■ Activity
Once the line containing "Women's Pants: Material" is found in the entries below, reproduce it and every line after it, stopping at and including the line containing "Dyson Fohn, Ophalen"; reproduce nothing else, and keep each line exact.
(Stored data)
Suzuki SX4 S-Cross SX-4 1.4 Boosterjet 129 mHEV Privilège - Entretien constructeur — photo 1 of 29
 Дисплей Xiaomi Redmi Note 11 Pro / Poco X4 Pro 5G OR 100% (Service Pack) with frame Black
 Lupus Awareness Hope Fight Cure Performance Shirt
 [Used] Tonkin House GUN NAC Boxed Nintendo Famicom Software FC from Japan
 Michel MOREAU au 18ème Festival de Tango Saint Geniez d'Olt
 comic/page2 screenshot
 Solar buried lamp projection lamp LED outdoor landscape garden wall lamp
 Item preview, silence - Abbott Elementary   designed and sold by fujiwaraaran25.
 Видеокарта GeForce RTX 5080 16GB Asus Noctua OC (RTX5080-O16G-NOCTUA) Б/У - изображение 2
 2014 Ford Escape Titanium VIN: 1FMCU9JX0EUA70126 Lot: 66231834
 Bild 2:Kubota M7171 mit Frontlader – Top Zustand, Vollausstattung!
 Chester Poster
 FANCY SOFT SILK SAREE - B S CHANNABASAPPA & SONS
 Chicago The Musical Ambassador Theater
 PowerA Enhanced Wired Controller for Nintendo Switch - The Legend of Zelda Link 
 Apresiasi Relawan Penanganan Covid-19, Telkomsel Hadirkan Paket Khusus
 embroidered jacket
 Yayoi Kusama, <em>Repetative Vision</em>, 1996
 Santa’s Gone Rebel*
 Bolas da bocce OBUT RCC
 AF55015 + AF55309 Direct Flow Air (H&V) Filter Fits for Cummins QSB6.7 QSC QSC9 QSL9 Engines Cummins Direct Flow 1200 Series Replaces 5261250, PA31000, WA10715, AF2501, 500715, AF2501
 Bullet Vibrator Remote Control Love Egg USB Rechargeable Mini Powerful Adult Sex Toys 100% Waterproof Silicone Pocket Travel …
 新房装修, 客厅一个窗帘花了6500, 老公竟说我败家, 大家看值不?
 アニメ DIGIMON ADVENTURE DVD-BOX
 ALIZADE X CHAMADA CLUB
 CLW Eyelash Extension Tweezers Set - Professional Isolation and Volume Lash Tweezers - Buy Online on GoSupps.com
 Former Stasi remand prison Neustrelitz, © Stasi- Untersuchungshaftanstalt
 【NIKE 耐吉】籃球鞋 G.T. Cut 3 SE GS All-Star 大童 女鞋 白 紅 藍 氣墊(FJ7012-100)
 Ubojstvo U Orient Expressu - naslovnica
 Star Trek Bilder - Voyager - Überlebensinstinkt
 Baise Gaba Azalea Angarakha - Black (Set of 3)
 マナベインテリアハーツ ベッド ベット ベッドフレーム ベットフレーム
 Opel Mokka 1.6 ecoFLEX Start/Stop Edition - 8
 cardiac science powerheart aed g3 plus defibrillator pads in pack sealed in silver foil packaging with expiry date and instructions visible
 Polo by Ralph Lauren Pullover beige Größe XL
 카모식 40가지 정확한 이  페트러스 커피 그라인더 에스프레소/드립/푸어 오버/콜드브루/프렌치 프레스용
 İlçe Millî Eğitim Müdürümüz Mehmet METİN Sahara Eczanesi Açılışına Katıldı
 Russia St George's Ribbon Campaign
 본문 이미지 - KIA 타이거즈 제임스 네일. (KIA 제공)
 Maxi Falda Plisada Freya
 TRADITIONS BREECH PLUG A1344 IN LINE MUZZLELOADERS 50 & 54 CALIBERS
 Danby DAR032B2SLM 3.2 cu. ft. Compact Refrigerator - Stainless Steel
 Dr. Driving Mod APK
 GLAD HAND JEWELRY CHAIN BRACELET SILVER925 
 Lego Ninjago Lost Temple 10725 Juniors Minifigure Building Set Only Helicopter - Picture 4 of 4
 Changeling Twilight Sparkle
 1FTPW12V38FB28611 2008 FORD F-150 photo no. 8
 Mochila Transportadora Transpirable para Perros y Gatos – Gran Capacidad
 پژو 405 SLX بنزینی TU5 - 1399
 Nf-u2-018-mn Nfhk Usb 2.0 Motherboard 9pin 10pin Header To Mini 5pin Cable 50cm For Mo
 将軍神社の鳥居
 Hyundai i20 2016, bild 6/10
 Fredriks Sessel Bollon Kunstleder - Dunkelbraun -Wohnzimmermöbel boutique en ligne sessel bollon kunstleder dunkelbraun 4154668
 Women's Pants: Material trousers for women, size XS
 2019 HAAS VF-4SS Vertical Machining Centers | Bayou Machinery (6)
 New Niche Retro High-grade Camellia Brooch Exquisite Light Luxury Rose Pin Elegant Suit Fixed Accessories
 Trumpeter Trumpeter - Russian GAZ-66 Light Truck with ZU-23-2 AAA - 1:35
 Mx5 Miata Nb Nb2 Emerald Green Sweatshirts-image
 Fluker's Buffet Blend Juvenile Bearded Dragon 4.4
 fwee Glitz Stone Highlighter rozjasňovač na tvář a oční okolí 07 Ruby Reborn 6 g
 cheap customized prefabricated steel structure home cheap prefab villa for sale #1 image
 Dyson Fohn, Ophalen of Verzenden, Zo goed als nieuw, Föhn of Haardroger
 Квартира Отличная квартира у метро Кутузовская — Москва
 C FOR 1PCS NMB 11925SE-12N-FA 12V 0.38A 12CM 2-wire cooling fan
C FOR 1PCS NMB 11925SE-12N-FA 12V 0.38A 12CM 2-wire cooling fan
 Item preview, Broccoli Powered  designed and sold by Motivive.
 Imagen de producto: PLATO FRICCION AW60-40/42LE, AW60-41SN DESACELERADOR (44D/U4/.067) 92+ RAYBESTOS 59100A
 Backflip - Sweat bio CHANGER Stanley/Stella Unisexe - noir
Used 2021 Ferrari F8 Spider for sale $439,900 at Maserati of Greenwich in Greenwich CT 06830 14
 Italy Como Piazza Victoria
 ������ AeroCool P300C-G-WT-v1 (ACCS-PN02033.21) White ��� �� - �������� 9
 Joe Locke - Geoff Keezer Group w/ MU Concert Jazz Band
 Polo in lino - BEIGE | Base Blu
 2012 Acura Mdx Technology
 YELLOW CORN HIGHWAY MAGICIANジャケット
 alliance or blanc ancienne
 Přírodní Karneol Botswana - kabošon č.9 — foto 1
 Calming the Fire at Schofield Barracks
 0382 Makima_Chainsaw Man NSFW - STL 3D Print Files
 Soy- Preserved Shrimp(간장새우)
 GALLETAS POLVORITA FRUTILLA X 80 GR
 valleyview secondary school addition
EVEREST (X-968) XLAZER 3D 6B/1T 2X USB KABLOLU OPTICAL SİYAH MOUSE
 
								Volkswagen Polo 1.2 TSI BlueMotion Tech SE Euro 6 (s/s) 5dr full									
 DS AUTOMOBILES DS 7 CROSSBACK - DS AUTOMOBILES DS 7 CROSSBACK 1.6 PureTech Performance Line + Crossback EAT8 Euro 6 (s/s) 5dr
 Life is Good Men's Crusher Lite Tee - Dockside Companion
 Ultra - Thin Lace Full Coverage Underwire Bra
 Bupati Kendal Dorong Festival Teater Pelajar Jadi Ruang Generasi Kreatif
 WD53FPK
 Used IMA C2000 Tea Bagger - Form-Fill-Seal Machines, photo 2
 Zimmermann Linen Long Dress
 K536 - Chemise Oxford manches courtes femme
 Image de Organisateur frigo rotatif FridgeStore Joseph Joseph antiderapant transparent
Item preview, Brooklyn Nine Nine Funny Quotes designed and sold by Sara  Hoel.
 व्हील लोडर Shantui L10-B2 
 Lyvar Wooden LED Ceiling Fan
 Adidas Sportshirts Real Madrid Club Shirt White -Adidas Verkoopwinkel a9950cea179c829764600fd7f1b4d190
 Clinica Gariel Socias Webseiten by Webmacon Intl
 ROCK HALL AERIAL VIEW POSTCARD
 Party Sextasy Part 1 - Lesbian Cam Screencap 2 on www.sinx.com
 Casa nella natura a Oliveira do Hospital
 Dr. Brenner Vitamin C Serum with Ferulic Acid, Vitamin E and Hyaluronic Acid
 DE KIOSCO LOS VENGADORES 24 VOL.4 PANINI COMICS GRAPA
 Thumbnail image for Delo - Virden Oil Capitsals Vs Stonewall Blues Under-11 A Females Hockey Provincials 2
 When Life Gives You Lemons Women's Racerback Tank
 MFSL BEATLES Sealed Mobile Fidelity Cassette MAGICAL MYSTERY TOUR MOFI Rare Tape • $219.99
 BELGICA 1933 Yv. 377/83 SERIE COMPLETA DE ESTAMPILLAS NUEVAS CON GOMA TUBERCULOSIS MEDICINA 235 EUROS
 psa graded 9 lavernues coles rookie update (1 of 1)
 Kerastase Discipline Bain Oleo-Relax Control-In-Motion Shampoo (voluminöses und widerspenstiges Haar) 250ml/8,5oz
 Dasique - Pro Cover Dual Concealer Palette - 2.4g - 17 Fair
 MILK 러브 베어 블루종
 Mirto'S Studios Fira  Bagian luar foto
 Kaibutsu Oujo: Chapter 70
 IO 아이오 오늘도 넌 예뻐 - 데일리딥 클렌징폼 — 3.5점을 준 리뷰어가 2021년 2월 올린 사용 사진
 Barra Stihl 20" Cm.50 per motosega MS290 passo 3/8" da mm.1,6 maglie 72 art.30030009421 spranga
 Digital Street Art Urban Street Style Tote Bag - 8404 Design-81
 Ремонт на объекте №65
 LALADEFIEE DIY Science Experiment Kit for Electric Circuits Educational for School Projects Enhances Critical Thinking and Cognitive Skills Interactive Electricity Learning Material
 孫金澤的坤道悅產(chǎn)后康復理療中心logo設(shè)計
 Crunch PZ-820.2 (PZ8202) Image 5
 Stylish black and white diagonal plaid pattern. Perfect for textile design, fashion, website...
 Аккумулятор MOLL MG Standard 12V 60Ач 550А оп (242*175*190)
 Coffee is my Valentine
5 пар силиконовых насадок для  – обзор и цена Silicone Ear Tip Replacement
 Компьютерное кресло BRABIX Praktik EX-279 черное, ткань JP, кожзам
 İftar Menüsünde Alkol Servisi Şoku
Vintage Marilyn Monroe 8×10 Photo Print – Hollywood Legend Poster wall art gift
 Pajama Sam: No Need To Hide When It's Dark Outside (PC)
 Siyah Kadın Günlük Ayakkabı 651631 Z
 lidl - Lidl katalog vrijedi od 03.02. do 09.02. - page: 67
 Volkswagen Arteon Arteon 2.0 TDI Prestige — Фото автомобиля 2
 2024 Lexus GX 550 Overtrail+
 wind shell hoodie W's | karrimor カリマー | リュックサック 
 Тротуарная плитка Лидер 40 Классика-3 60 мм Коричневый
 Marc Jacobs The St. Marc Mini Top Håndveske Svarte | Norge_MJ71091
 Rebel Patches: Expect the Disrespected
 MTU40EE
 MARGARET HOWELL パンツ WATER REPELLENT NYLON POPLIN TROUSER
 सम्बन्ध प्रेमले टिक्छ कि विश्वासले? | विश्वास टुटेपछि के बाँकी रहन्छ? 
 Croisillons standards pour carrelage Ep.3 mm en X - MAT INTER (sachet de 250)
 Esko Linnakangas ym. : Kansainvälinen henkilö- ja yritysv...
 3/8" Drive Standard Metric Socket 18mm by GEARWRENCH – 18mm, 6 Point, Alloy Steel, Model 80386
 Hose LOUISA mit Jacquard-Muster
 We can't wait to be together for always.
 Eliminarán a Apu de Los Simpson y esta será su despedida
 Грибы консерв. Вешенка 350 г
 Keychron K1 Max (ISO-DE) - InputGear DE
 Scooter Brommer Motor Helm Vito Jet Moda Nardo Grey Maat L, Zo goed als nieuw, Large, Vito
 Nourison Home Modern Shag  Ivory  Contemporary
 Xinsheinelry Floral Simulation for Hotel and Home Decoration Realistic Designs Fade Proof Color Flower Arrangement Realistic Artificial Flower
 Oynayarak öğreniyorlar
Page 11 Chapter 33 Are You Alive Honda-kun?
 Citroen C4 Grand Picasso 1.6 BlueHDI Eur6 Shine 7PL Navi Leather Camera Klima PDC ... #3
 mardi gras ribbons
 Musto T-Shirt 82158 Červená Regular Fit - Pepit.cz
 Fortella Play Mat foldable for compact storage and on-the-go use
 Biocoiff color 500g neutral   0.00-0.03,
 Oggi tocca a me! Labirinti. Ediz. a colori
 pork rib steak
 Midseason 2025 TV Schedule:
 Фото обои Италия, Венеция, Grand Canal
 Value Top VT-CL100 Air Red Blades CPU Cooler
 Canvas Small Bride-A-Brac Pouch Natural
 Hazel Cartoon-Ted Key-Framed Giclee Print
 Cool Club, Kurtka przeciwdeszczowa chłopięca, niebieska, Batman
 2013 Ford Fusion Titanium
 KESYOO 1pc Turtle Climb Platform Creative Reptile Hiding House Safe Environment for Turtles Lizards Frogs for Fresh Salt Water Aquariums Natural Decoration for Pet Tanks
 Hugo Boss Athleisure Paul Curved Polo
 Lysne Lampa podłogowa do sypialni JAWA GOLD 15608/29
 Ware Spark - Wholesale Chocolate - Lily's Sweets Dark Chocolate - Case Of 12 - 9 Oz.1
(End Stored data)
■ Response area
 Women's Pants: Material trousers for women, size XS
 2019 HAAS VF-4SS Vertical Machining Centers | Bayou Machinery (6)
 New Niche Retro High-grade Camellia Brooch Exquisite Light Luxury Rose Pin Elegant Suit Fixed Accessories
 Trumpeter Trumpeter - Russian GAZ-66 Light Truck with ZU-23-2 AAA - 1:35
 Mx5 Miata Nb Nb2 Emerald Green Sweatshirts-image
 Fluker's Buffet Blend Juvenile Bearded Dragon 4.4
 fwee Glitz Stone Highlighter rozjasňovač na tvář a oční okolí 07 Ruby Reborn 6 g
 cheap customized prefabricated steel structure home cheap prefab villa for sale #1 image
 Dyson Fohn, Ophalen of Verzenden, Zo goed als nieuw, Föhn of Haardroger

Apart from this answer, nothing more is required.